CGBench: Benchmarking Language Model Scientific Reasoning for Clinical Genetics Research
Owen Queen, Harrison G. Zhang, James Zou
TL;DR
CGBench tackles the gap between synthetic benchmarks and real-world translational clinical genetics by evaluating eight language models on three ClinGen-derived tasks: VCI Evidence Scoring, VCI Evidence Verification, and GCI Experimental Evidence Extraction. It leverages ClinGen SOPs and ERepo annotations to test LM reasoning, evidence extraction, and explanation alignment, using prompting strategies and a novel LM-as-a-judge framework. Findings show that reasoning-enabled LMs excel at fine-grained interpretation but still struggle with precise evidence strength judgments, while non-reasoning models can perform relatively better on high-level tasks; explanations from LMs often diverge from expert ClinGen explanations, highlighting alignment challenges.
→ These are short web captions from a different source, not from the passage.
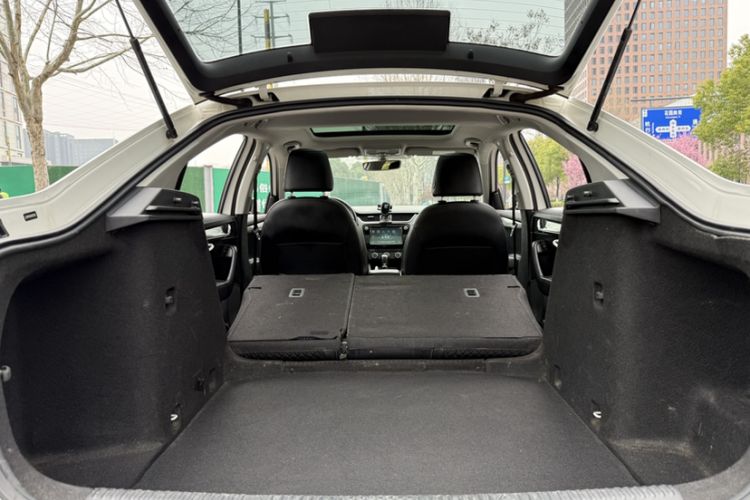 Used Skoda Octavia 2018 TSI230 DSG Luxury Edition
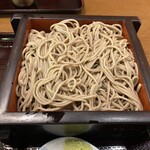 鹿林 - お蕎麦は細めですが、歯応え、喉越し、香りともにしっかりして美味しいお蕎麦です。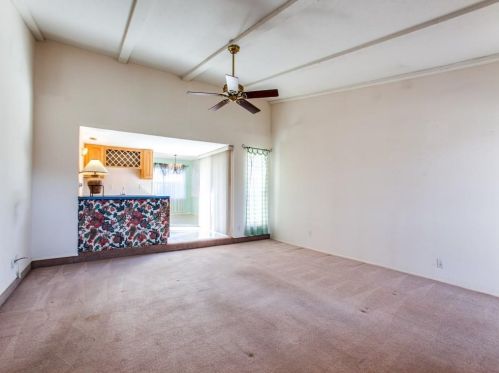 2713 Esquire Ln, Garland TX  75044-6167 exterior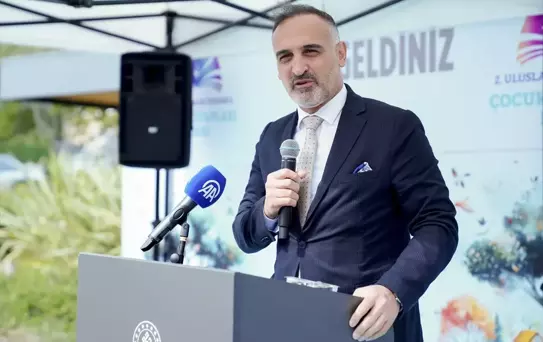 İstanbul'da Çocuk Kitapları Fuarı Açıldı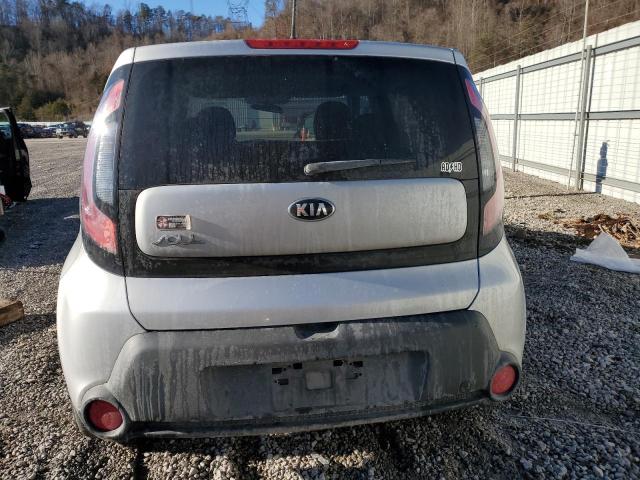 KNDJN2A25G7869101 - 2016 KIA SOUL SILVER photo 6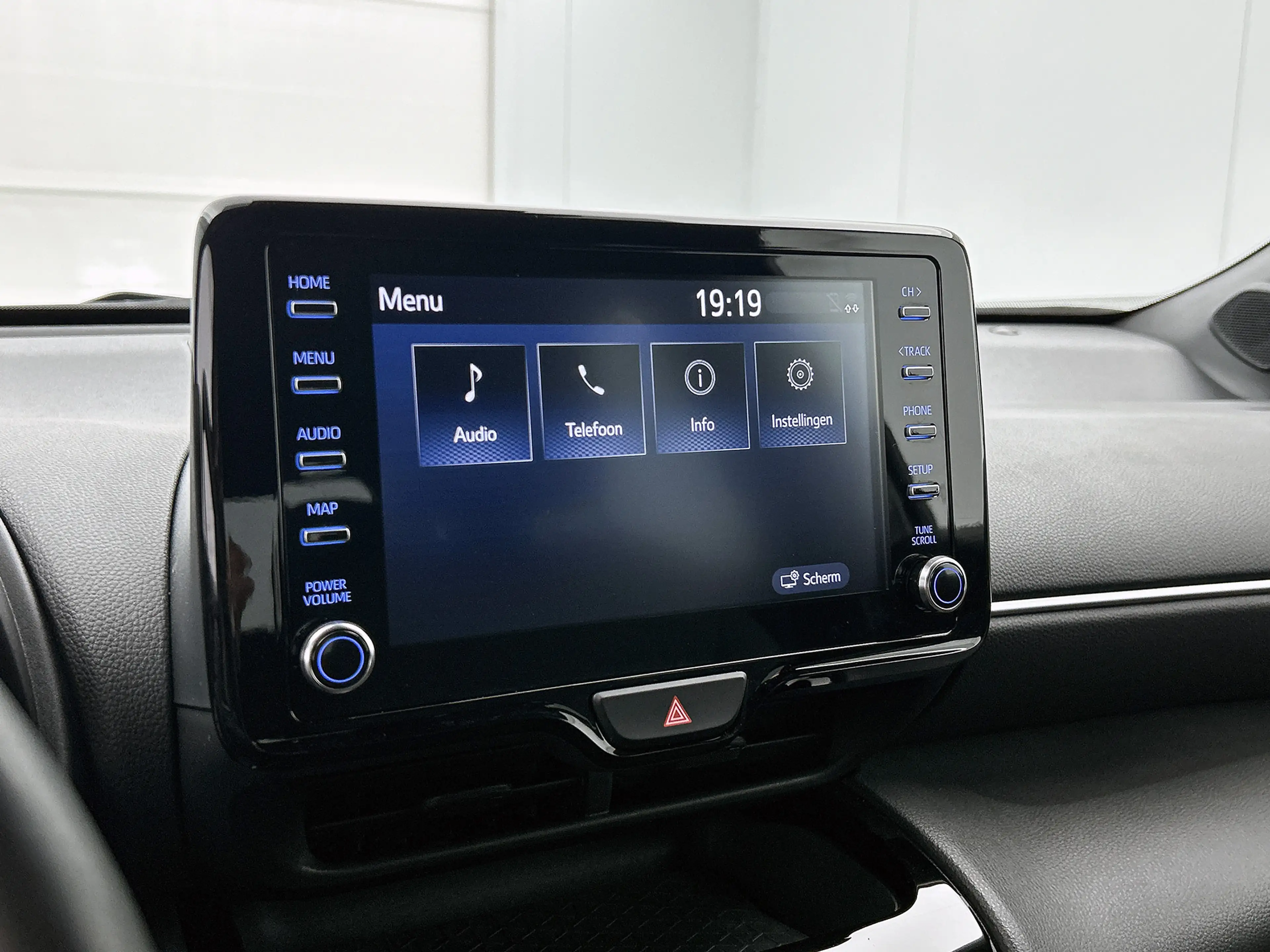 Toyota Yaris Cross 1.5 Hybrid Dynamic | Apple CarPlay | Android Auto — photo 9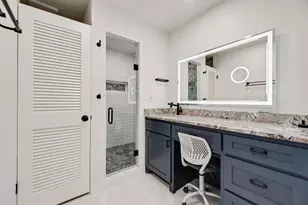 1019 Loch Lomond Dr, Arlington, TX 76012 - Photo 23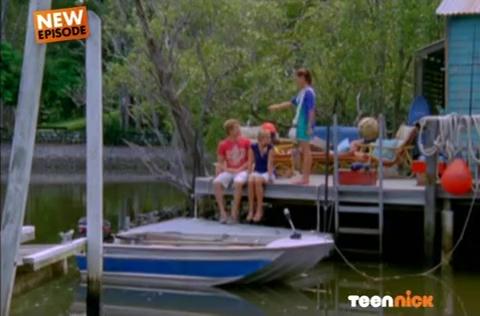 VampireDiariesWorld-dot-org_H20JustAddWater-S03E19-0623.jpg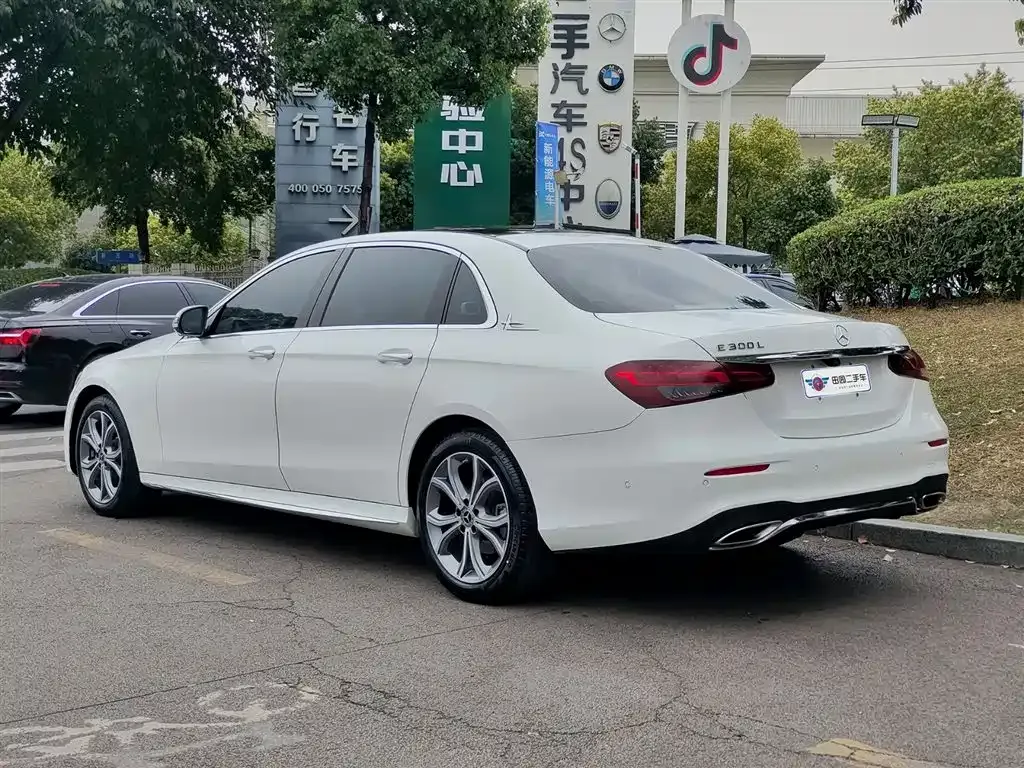 Mercedes-Benz E-Class 2021 из CN, фото 10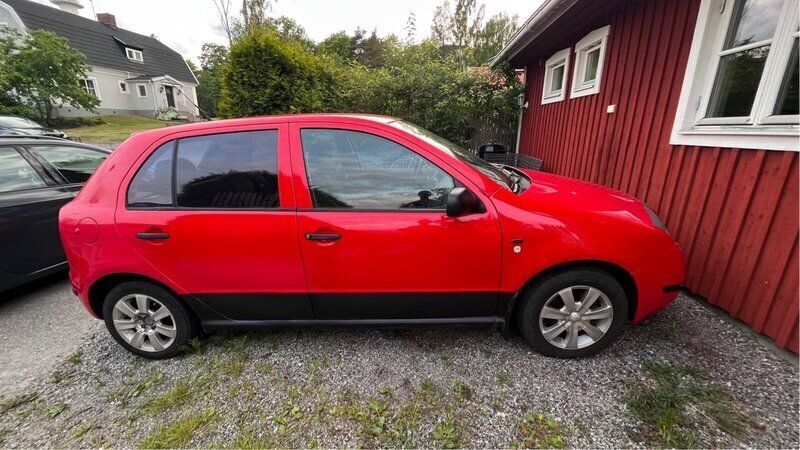 Röd Begagnad 2001 Skoda Fabia Halvkombi | 8 000 kr (Bra pris) - Bild 1/4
The results illuminate current capabilities and limitations, and point to future directions in prompt design, multi-document reasoning, and human-AI collaboration for clinical genetics research.
Abstract
Variant and gene interpretation are fundamental to personalized medicine and translational biomedicine. However, traditional approaches are manual and labor-intensive. Generative language models (LMs) can facilitate this process, accelerating the translation of fundamental research into clinically-actionable insights. While existing benchmarks have attempted to quantify the capabilities of LMs for interpreting scientific data, these studies focus on narrow tasks that do not translate to real-world research. To meet these challenges, we introduce CGBench, a robust benchmark that tests reasoning capabilities of LMs on scientific publications. CGBench is built from ClinGen, a resource of expert-curated literature interpretations in clinical genetics. CGBench measures the ability to 1) extract relevant experimental results following precise protocols and guidelines, 2) judge the strength of evidence, and 3) categorize and describe the relevant outcome of experiments. We test 8 different LMs and find that while models show promise, substantial gaps exist in literature interpretation, especially on fine-grained instructions. Reasoning models excel in fine-grained tasks but non-reasoning models are better at high-level interpretations. Finally, we measure LM explanations against human explanations with an LM judge approach, revealing that models often hallucinate or misinterpret results even when correctly classifying evidence. CGBench reveals strengths and weaknesses of LMs for precise interpretation of scientific publications, opening avenues for future research in AI for clinical genetics and science more broadly.